Canadian AML controls a practice used to hide the origin of funds or assets obtained through unlawful means. The complete regs modifying the Proceeds of Crime (Money Laundering and Terrorist Financing Act) Regulations were just made public by FINTRAC. Given the size and depth of the Regulations’ modifications, regulated entities (REs) will have to completely rewrite their monitoring and implementation processes and policies.
Canadian aml legislation shows that authorities are adjusting to the financial services sector’s growing dynamic nature, particularly in light of the introduction of new technologies like electronic money and electronic payment remittance systems.
The following are some key conclusions from the Regulations’ legislative changes:
As was to be expected, the rules governing MSB have been changed by explicitly distinguishing between domestic and international MSBs. The term “MSB” also uses to refer to businesses that trade in virtual currencies in addition to its more traditional meaning. This covers people who run digital currency platforms, offer digital wallets, and offer transfer services related to digital currency. These individuals must now register with FINTRAC and follow specific MSB requirements.

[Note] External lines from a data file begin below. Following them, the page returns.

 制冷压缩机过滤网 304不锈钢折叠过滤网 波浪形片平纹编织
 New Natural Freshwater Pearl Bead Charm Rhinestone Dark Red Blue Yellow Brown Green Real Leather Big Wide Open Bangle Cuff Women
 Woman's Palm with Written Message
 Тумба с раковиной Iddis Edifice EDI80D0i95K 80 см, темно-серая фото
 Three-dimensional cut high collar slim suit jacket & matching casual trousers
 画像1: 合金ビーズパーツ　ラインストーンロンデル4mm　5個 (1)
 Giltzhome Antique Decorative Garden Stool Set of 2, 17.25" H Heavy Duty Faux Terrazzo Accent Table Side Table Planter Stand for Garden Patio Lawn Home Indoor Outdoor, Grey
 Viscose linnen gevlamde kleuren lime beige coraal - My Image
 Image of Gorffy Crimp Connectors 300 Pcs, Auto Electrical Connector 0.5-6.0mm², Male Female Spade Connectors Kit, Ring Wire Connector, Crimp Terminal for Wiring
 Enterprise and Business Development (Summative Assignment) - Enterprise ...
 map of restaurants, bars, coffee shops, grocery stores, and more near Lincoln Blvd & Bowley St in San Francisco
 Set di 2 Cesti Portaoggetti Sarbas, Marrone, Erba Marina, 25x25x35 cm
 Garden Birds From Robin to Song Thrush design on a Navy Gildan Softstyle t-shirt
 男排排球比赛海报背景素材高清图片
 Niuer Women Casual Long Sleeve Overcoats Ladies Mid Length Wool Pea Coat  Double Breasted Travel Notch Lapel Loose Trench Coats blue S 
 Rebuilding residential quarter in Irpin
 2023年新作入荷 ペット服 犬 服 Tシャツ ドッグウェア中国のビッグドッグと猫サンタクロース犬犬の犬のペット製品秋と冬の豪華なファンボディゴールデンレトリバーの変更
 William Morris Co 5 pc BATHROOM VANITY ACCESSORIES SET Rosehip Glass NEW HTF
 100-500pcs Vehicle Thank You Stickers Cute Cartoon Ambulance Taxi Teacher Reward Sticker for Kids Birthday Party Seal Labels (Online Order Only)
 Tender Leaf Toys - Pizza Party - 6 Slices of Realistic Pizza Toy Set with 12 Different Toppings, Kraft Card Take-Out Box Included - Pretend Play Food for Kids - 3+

The range of circumstances when an MSB is needed to ascertain beneficial ownership has been expanded. This covers ongoing contracts for international electronic funds transfers as well as service contracts for money order redemption. Additionally, reasonable steps must be taken to verify the veracity of beneficial ownership data both at the time the data is originally obtained and through continuous monitoring. This adjustment was made as a result of FINTRAC’s considerations. This clause is intended to cover situations in which, as a result of continued monitoring, it becomes apparent that the beneficial ownership data has changed throughout a relationship with the client.
The exclusions to document holding and proof of identity currently are now also applicable to public trusts. For widely owned or publicly traded trusts, particularly, the Regulations mandate that a RE acquire the names of all trustees as well as the identities and addresses of anybody who either directly or indirectly owns or controls 25% and more of the trust’s units.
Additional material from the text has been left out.